Is this the issue? Or in which case, will the cache still be REUSED?

[ ] Change the width and height of the film
[ ] Change the crop_offset and crop_width
[ ] Change the fov of sensor
[ ] Change the to_world

  for i in range(B):
      to_world = batch["to_world"][i].cpu().numpy()
      film_width = batch["film_width"][i].item()
      film_height = batch["film_height"][i].item()
      fov_x = batch["fov_x"][i].item()
      crop_offset_x = batch["crop_offset_x"][i].item()
      crop_offset_y = batch["crop_offset_y"][i].item()
      crop_width = batch["crop_width"][i].item()
      crop_height = batch["crop_height"][i].item()

      film = mi.load_dict(
          {
              "type": "hdrfilm",
              "width": film_width,
              "height": film_height,
              "crop_offset_x": crop_offset_x,
              "crop_offset_y": crop_offset_y,
              "crop_width": crop_width,
              "crop_height": crop_height,
              "rfilter": {"type": "box"},
              "pixel_format": "rgba",
          }
      )
      sensor = mi.load_dict(
          {
              "type": "perspective",
              "fov": fov_x,
              "to_world": mi.ScalarTransform4f(to_world),
              "film": film,
          }
      )

      result = mi.render(self.scene, params=self.params, sensor=sensor, spp=num_spp * 2, spp_grad=num_spp)

saedrna · 2024-05-11T13:05:47Z

saedrna
May 11, 2024
Author

Almost all the missed cache has form like below. And after several iterations, each OptiX kernel is only used for a single time, e.g. id of 7812ed4459359786 only occur once. Other kernels have been launched multiple times.

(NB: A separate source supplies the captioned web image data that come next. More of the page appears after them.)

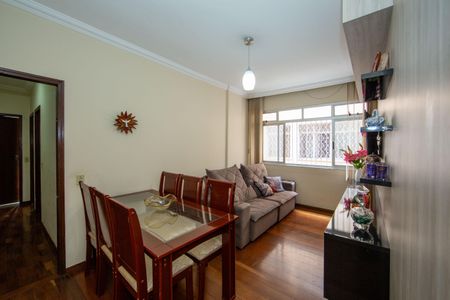 SALA de apartamento para alugar com 3 quartos, 72m² em Alto Barroca, Belo Horizonte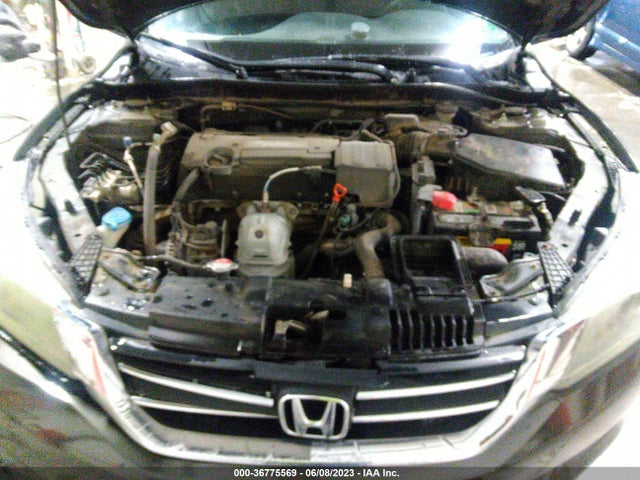 Honda Accord Sedan Lx 2014 1HGCR2F32EA132549 Image 10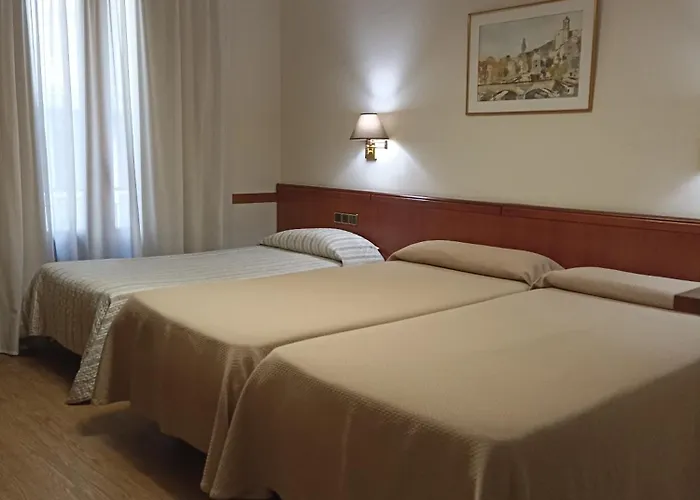 Hotel: Hotel Europa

jit_eval(): launching 1 kernel.
  -> launching 7812ed4459359786 (via OptiX, n=4194304, in=55, out=0, se=18, ops=4545, jit=1.1142 ms):
     cache miss, build: 198.143 ms, 0 B.
jit_eval(): done.

jit_eval(): launching 1 kernel.
  -> launching e8e7f22bee765614 (via OptiX, n=8388608, in=48, out=0, se=5, ops=3489, jit=776 us):
     cache miss, build: 153.124 ms, 0 B.
jit_eval(): done.
jit_eval(): launching 2 kernels.
  -> launching 12dc40514a9d0185 (via OptiX, n=8388608, in=53, out=0, se=18, ops=3685, jit=911.1 us):
     cache miss, build: 174.074 ms, 0 B.
  -> launching bf853982b393f43a (n=1048576, in=1, out=1, ops=22, jit=8.7 us):
jit_eval(): done.

4 replies

merlinND May 14, 2024
Collaborator

Hello @saedrna,

Since you already have a convenient setup to test your hypothesis, how about running the following test:

Switch to pure forward rendering (no inverse rendering)
Vary only one of: to_world, film dimensions, crop dimensions, crop offset, fov
Run the for loop and observe the logs to find out if the kernels are unique or re-used.

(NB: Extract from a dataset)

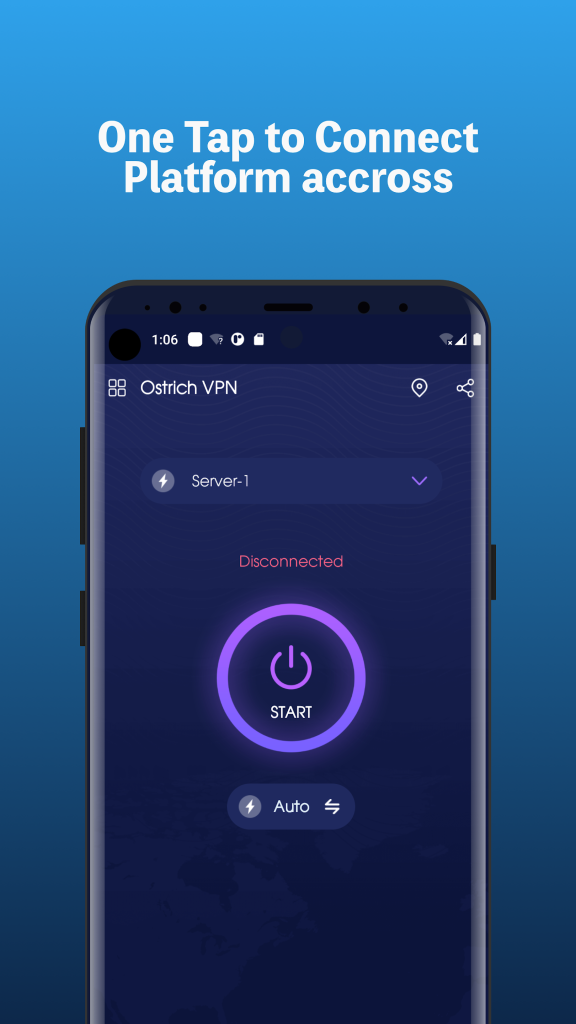 فیلترشکن شترمرغ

You can repeat this experiment with each quantity to find out which one(s) trigger recompilation.

If there are no recompilations in forward-only mode, then can your please share the definition of your loss function?

saedrna May 18, 2024
Author

Sorry for the late, I have out this week. I think I found the reason for the cache miss.
I remove almost all the code and only remain mi.render, and I also remove the part for gradient optimization. So this is the case for forward rendering only.
I have test three cases as below.

Film size is the whole image, no crop and varying to_sensor (according to SFM): cache HIT in every iteration.
Film size is the whole image, crop to fixed window (0,0,1024,1024 for example) and varying to_sensor (according to SFM): cache HIT in every iteration.
Film size is the whole image, crop to different window (according to the real image part) and varying to_sensor (according to SFM): cache MISS in every iteration.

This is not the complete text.